**EXERCISE REQUIREMENTS:** Without any of its pictures, the listing below should be output exactly.

Top of COLLECTED MATERIAL

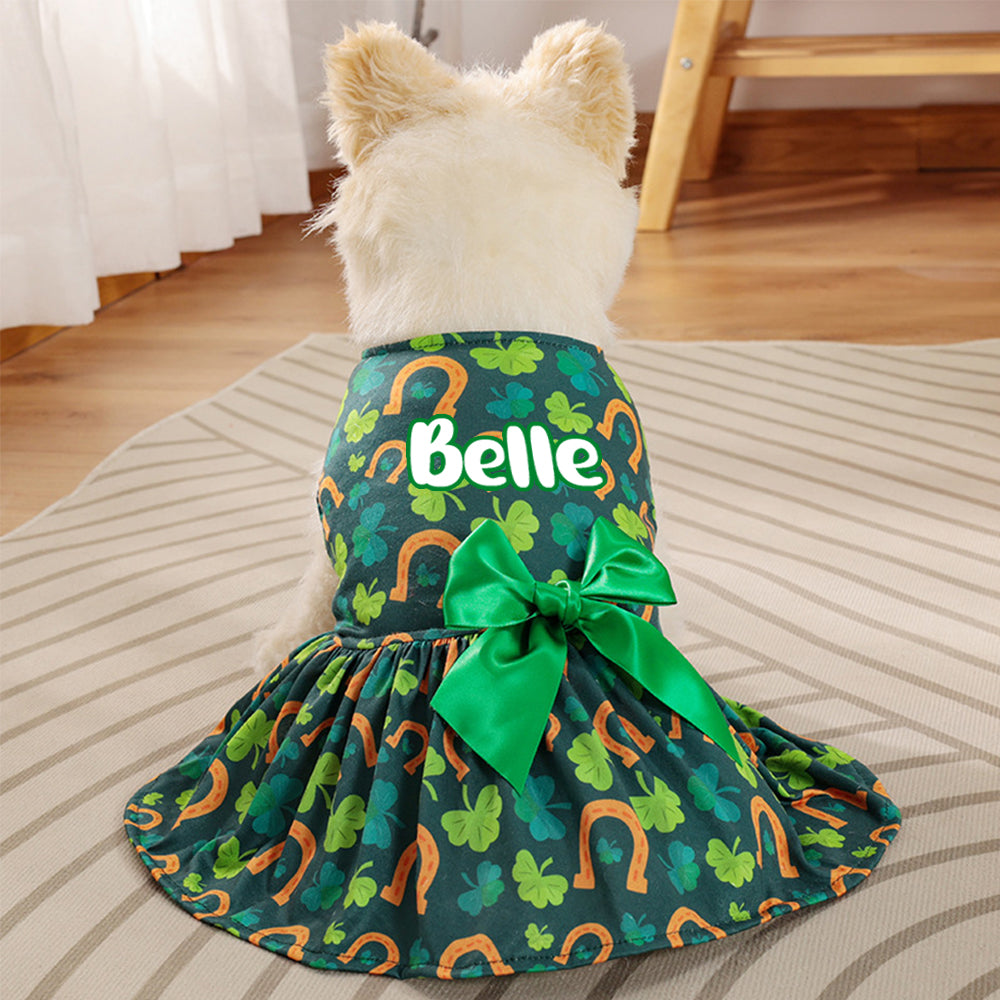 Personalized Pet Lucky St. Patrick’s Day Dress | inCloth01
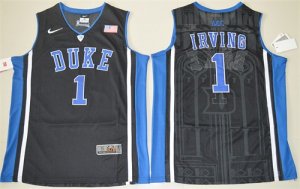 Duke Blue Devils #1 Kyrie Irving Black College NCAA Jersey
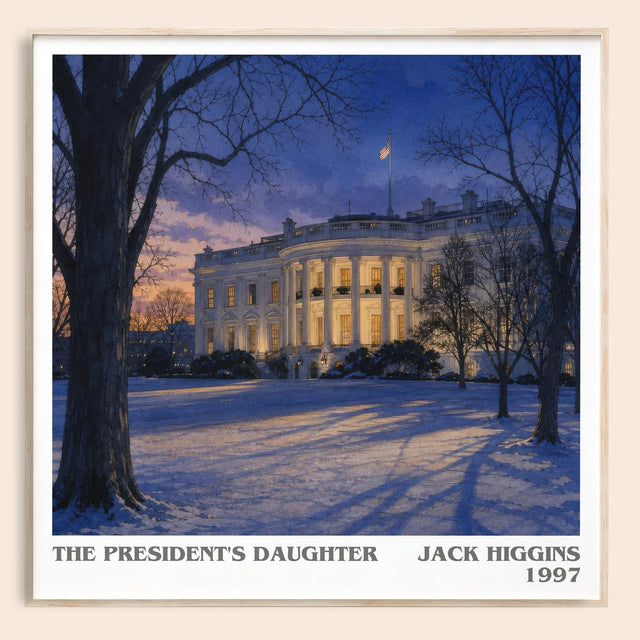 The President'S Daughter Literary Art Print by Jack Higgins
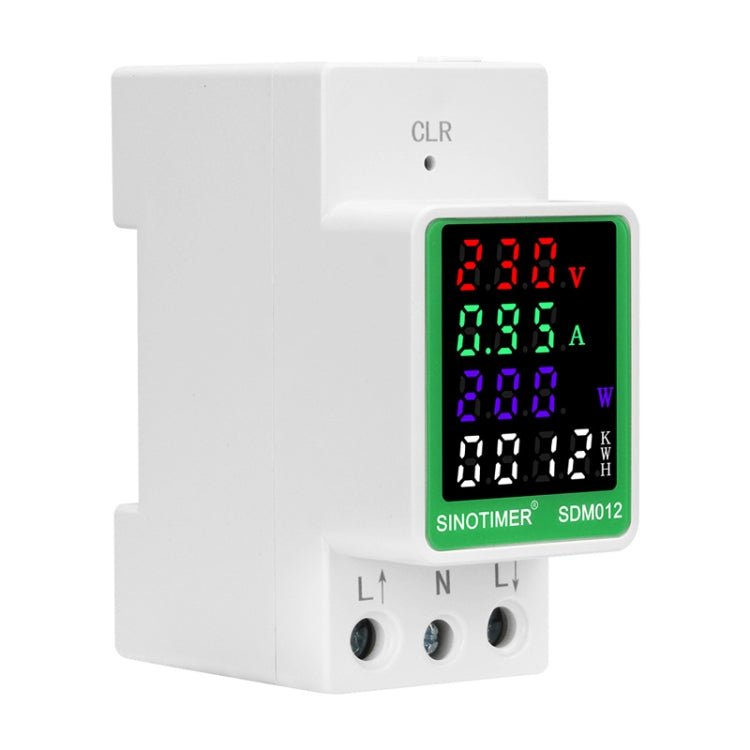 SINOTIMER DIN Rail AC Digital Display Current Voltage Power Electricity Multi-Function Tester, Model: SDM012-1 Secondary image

Bottom of COLLECTED MATERIAL

**RESULT FOR THIS EXERCISE:**
 Personalized Pet Lucky St. Patrick’s Day Dress | inCloth01
 Duke Blue Devils #1 Kyrie Irving Black College NCAA Jersey
 The President'S Daughter Literary Art Print by Jack Higgins
 SINOTIMER DIN Rail AC Digital Display Current Voltage Power Electricity Multi-Function Tester, Model: SDM012-1 Secondary image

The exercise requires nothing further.